Work task: Transcribe the data as written, minus images.

[[ Provided material open ]]

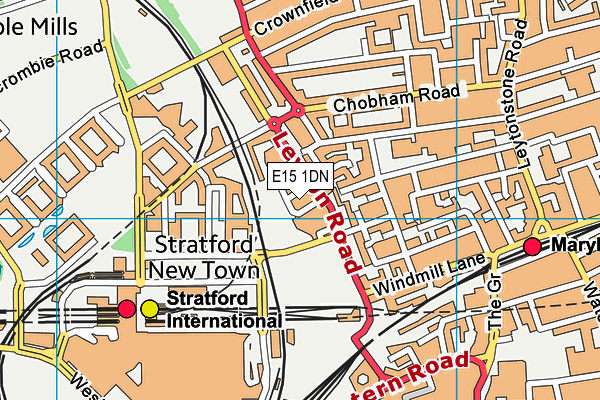 E15 1DN map - OS VectorMap District (Ordnance Survey)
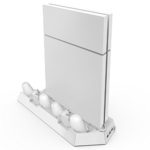 Supremery Double Series Vertical Stand with Cooling Fans for PlayStation 4 Console – Dual Charging Station for DualShock 4 Controller PS4 Charger Dockingstation + Dual USB HUB Charger Ports (White)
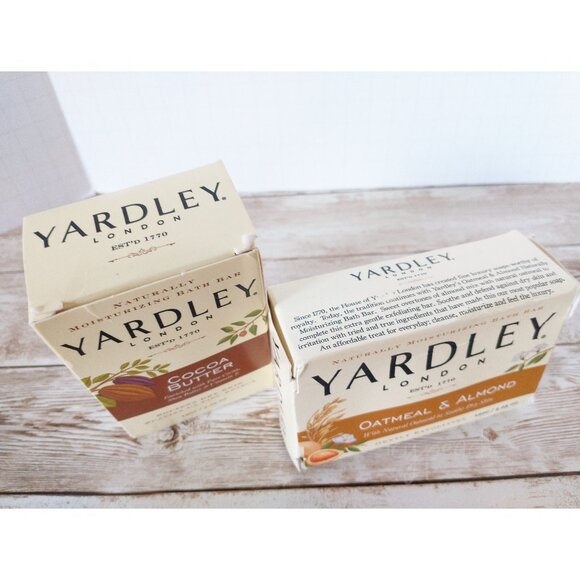 Yardley London Bar Soap Set of 2 New 4.25oz each Oatmeal & Almond, Cocoa Butter - Picture 3 of 8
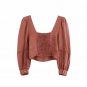 Pink Square Collar Top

[[ Provided material closed ]]

Output for this task:
 E15 1DN map - OS VectorMap District (Ordnance Survey)
 Supremery Double Series Vertical Stand with Cooling Fans for PlayStation 4 Console – Dual Charging Station for DualShock 4 Controller PS4 Charger Dockingstation + Dual USB HUB Charger Ports (White)
 Yardley London Bar Soap Set of 2 New 4.25oz each Oatmeal & Almond, Cocoa Butter - Picture 3 of 8
 Pink Square Collar Top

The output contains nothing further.